I worked with adults, all over 18, who had been referred to this program. I worked with two group therapists and two psychiatrists. The program was very team-centered and once per week I met with the doctors and therapists to develop the cohesive plan for each client. I felt valued by the doctors - they really cared what the social workers thought.


I used all the skills from our "Communication and Interviewing" class because I had to ask a lot of hard questions. I also got to use professional skills. Working on an interdisciplinary team can be very challenging because every profession has different ethics and a different point of view, so my communication and interviewing skills came in handy when talking with some of my co-workers as well. Using accessible language with families - not using jargon - is a skill that I worked on. I also used a lot of family systems theory to look at what systems are impacting the family's life - both positive and negative - and ways that I could intervene to help the family.

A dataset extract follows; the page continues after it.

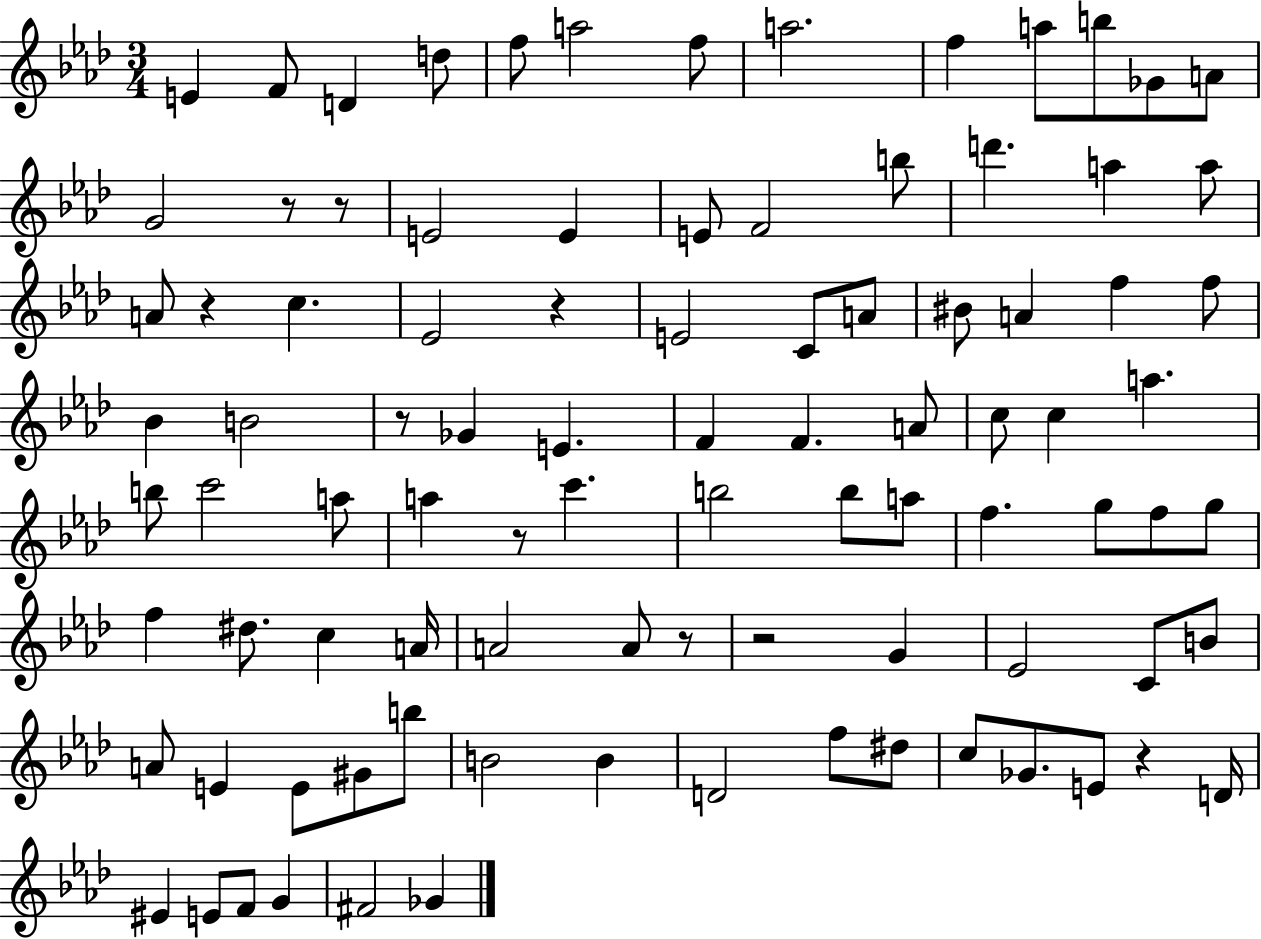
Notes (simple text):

E4/q F4/e D4/q D5/e F5/e A5/h F5/e A5/h. F5/q A5/e B5/e Gb4/e A4/e G4/h R/e R/e E4/h E4/q E4/e F4/h B5/e D6/q. A5/q A5/e A4/e R/q C5/q. Eb4/h R/q E4/h C4/e A4/e BIS4/e A4/q F5/q F5/e Bb4/q B4/h R/e Gb4/q E4/q. F4/q F4/q. A4/e C5/e C5/q A5/q. B5/e C6/h A5/e A5/q R/e C6/q. B5/h B5/e A5/e F5/q. G5/e F5/e G5/e F5/q D#5/e. C5/q A4/s A4/h A4/e R/e R/h G4/q Eb4/h C4/e B4/e A4/e E4/q E4/e G#4/e B5/e B4/h B4/q D4/h F5/e D#5/e C5/e Gb4/e. E4/e R/q D4/s EIS4/q E4/e F4/e G4/q F#4/h Gb4/q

I've been working in a youth development program, mostly working with high schoolers. I'm a career and college counselor and so we work on increasing opportunities for our youth. It's been great working with teens. At first it was a little intimidating since I wasn't sure how they'd react with me since I'm only 21, but it's been a great experience learning how to interact with them... [It's been ] great "group work "experience, talking in front of people, and learning how to engage a group versus individuals. My favorite part is working with the teenagers, and it's been a great experience since I hope to one day be a school counselor - and so it's been a good fit for me.